The first, of course, is to deny the application. I do not see this happening. The second is to condition the license, stipulating that Apollo works to ensure that its leadership is not sending massive amounts of money to people convicted of sex crimes, to not use masturbation analogies in big groups, to work to recognize when a business is insolvent, and to behave accordingly if that is the case. This all seems a bit weird, however.

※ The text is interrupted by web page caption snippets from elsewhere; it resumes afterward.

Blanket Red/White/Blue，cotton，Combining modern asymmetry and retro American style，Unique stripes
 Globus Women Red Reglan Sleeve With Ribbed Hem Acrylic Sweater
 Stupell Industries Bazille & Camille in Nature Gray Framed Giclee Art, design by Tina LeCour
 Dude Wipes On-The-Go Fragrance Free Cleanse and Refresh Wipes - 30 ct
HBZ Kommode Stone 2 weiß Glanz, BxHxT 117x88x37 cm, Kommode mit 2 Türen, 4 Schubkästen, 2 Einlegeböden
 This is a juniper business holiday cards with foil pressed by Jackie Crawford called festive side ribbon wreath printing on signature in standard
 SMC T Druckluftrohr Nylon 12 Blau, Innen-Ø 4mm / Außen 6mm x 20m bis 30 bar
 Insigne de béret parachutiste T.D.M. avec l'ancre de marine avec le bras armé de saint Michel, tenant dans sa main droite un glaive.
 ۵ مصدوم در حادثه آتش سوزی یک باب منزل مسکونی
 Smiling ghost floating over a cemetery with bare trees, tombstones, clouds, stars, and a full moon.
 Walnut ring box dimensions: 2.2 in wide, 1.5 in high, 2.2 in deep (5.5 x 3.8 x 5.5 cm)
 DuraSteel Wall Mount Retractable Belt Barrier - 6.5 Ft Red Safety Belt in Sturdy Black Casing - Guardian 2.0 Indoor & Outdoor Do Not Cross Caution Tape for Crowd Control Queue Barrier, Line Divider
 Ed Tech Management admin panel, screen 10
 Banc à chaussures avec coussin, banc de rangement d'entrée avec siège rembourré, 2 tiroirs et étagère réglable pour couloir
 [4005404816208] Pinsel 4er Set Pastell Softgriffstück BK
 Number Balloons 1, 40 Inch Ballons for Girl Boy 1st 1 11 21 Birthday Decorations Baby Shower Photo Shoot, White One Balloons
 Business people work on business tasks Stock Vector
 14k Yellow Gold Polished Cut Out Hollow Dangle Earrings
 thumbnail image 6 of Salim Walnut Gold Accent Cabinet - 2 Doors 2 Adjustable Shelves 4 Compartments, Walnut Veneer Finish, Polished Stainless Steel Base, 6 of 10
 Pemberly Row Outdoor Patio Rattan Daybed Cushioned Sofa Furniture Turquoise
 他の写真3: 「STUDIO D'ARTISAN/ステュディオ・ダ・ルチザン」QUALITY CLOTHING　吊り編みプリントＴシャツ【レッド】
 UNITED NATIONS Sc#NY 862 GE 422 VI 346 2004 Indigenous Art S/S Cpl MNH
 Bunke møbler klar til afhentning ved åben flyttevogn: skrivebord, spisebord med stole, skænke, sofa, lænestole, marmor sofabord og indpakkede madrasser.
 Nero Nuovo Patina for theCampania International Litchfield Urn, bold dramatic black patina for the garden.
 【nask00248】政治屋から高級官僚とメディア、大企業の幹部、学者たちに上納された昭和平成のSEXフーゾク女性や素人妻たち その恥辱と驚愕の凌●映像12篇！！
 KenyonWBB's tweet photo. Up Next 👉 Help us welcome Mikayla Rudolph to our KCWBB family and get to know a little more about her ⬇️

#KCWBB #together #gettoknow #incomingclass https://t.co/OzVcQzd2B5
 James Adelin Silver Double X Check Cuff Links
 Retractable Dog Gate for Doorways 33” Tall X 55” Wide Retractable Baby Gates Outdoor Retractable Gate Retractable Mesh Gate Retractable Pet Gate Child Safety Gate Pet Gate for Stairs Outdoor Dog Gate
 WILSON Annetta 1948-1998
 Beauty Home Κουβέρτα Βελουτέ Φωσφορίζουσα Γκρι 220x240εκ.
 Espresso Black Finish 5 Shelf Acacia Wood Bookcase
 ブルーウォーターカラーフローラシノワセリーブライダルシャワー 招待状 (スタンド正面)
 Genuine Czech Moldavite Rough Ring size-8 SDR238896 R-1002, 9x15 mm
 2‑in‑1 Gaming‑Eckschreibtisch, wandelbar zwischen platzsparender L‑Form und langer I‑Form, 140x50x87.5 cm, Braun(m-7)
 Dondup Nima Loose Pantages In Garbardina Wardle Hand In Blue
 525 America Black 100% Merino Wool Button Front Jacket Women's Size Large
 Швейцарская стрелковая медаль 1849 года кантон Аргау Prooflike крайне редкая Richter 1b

I believe that the best option would be for Apollo to give the NGCB a bit of a break. The people at Apollo might want to lay off the testosterone patches for a bit and try and tone down the macho silliness. This would entail a discussion with the NGCB demonstrating that they have turned the past Caesars experience into a learning process and are determined to come out on the other side of this with a greater commitment to being a strong ethical player as well as a better corporate citizen in the state of Nevada. Moreover, they would submit an action plan to achieve this goal that elevates Apollo to a higher level of operating excellence and governance. If this were to happen, the NGCB would have a place to hang its hat. This would provide a justification for the NGCB to get to yes, without looking as if it were beyond capture.
The point is, Walter was right that this is not ‘Nam—this is like bowling—and there are rules.